Captioned web images:
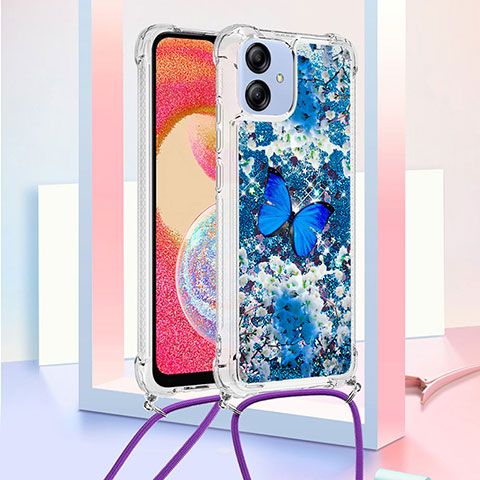 Funda Silicona Carcasa Goma Bling-Bling con Acollador Cordon Lanyard YB2 para Samsung Galaxy A04 4G Azul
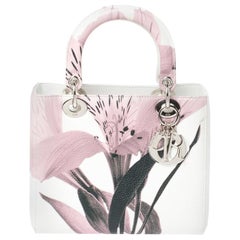 Dior White/Pink Floral Print Leather Medium Lady Dior Tote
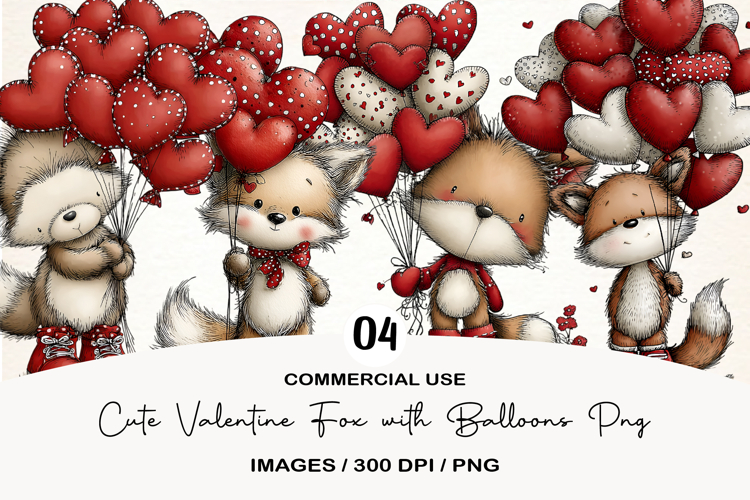 Cute Valentine Fox with Balloons PNG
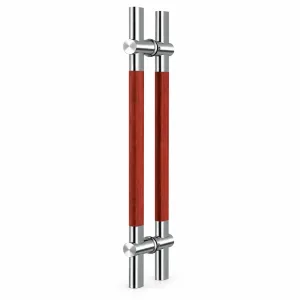TT-2006 stainless steel glass door pull handle with wooden grips on a white background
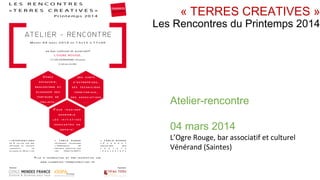 « TERRES CREATIVES »

Les Rencontres du Printemps 2014

Atelier-rencontre
04 mars 2014

L’Ogre Rouge, bar associatif et culturel
Vénérand (Saintes)

 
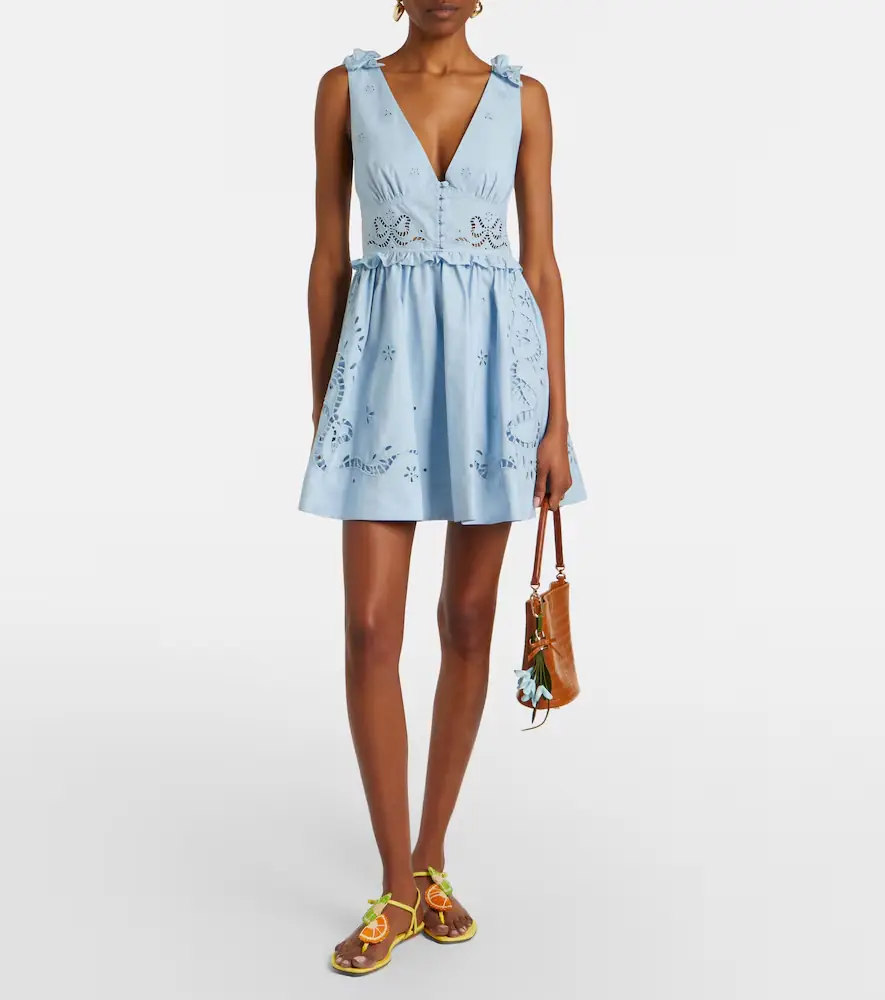 Self-Portrait Broderie anglaise cotton-blend minidress | Thumbnail 2 Self-Portrait Broderie anglaise cotton-blend minidress | Thumbnail 2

INSTRUCTIONS TO FOLLOW >> From the line that contains "Atelier-rencontre" down to the final line of the entries above, please copy each line exactly, excluding pictures.

EXERCISE OUTPUT >>
Atelier-rencontre
04 mars 2014

L’Ogre Rouge, bar associatif et culturel
Vénérand (Saintes)

 
 Self-Portrait Broderie anglaise cotton-blend minidress | Thumbnail 2 Self-Portrait Broderie anglaise cotton-blend minidress | Thumbnail 2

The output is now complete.